There are several near me. They are kind of like the old Dollar stores. Many of their items were priced at $13 pesos. It seems like a lot of stuff from China. They are great when you need some inexpensive item that might be difficult to find elsewhere. 

I find the forum boring occasionally as well. Usually, it means no one is talking about my interests, just theirs.


----------



## diablita (May 7, 2010)

They have root beer and some sweets from the USA that I like. Granted it's not A&W, or Hires but it's still root beer and it's cheap.


----------



## makaloco (Mar 26, 2009)

There's a "dollar store" type Waldo's in La Paz, too. I've never been there (keep meaning to go), but Mexican friends tell me it's similar to Solo Un Precio, with good prices and some items that aren't available elsewhere in town. Apparently they have a good selection of Christmas decorations in season.


----------



## travelinhobo (Sep 17, 2010)

How does one "appreciate" a place like Waldo's? It's Wallyworld on a stick.


----------



## buzzbar (Feb 9, 2013)

Yeah, nothing at the local Waldos particularly excited me, but I didn't see root beer there so might take a closer look! Diablita, surprisingly I find Soriana's own brand of root beer quite acceptable. It's no A&W but better than many others, and of course dirt cheeep.


----------



## Isla Verde (Oct 19, 2011)

buzzbar said:


> Yeah, nothing at the local Waldos particularly excited me, but I didn't see root beer there so might take a closer look! Diablita, surprisingly I find Soriana's own brand of root beer quite acceptable. It's no A&W but better than many others, and of course dirt cheeep.


I love root beer but have never tried to find it in Mexico. The next time I'm at Soriana, I will look for it. Thanks for the tip!


----------



## diablita (May 7, 2010)

buzzbar said:


> Yeah, nothing at the local Waldos particularly excited me, but I didn't see root beer there so might take a closer look! Diablita, surprisingly I find Soriana's own brand of root beer quite acceptable. It's no A&W but better than many others, and of course dirt cheeep.


I guess I have a low threshold of excitement. It's the little things that make me happy. As for Soriana, I go there occasionally to buy sweet pickles. Next time I go I'll check out the root beer.


----------



## HolyMole (Jan 3, 2009)

*Waldo's*



diablita said:


> I guess I have a low threshold of excitement. It's the little things that make me happy. As for Soriana, I go there occasionally to buy sweet pickles. Next time I go I'll check out the root beer.
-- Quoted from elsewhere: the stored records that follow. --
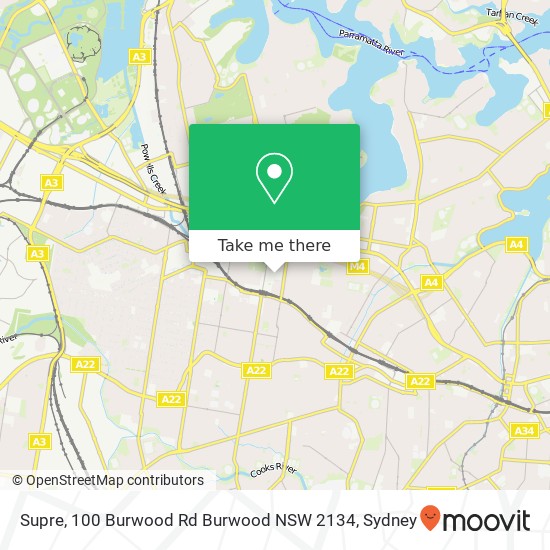 Supre, 100 Burwood Rd Burwood NSW 2134 map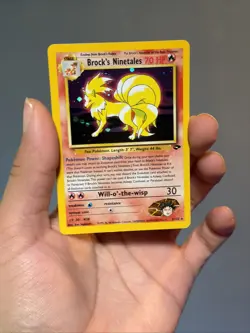 Brock's Ninetales Gym Challenge 3/132 Swirl Unlimited Holo Rare Pokemon - LP - Image 1
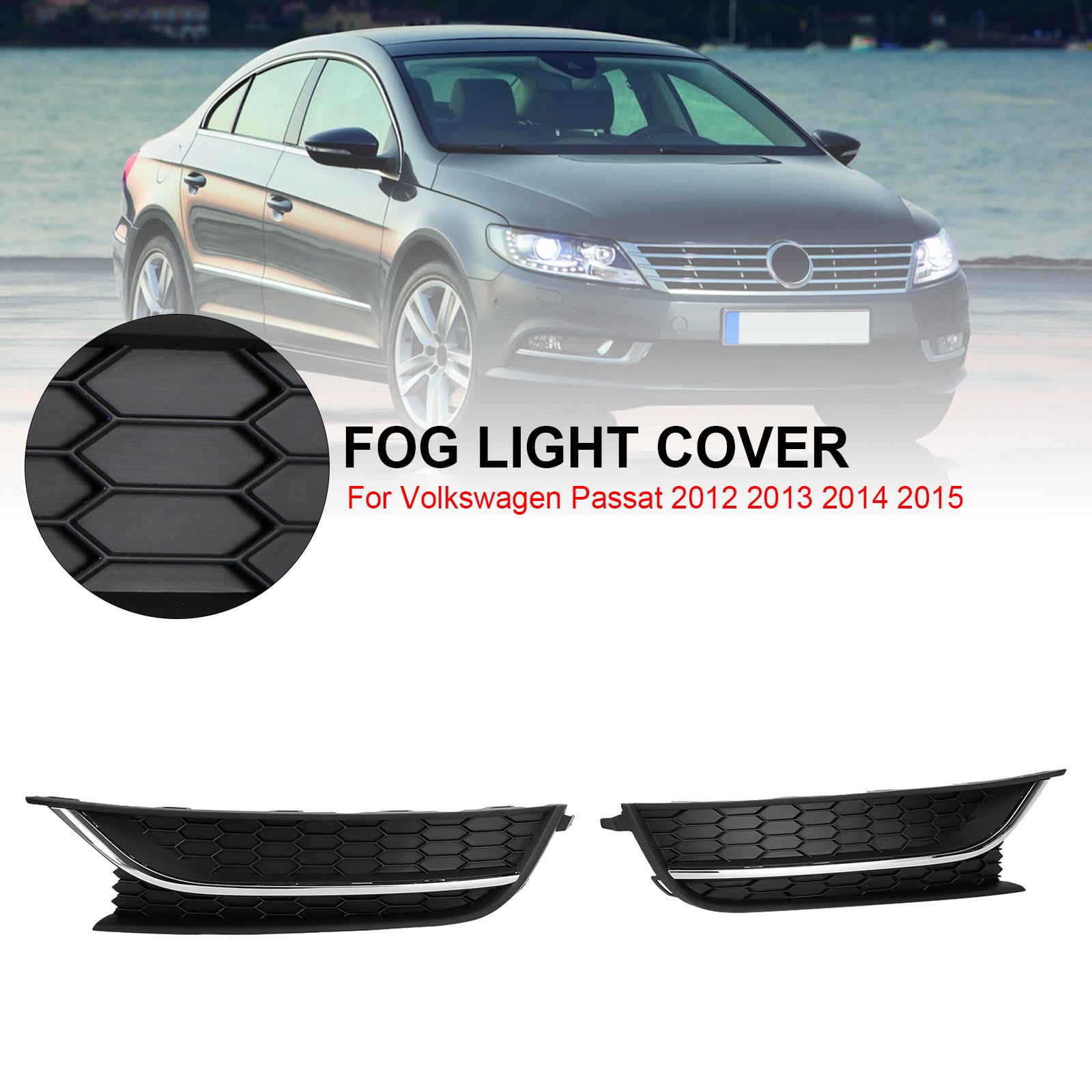 2PCS Front Driving Fog Light Cover Fit for VW Passat 2012-2015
We've got a Waldo's here in Zihuatanejo, and they've just expanded their clothing section. I'm leery of buying any food items that aren't recognizable namebrands, but for "plastico" and many other kinds of dollar-store junk, they're fine. After losing my expensive clip-on NOB sunglasses, I found a pair of Ray Charles look-alikes, (i.e. over-the-glasses giants) at Waldo's for 16 pesos.


----------



## Anonimo (Apr 8, 2012)

I like to visit Waldo's on occasion. It's like being back home in Arkansas.


----------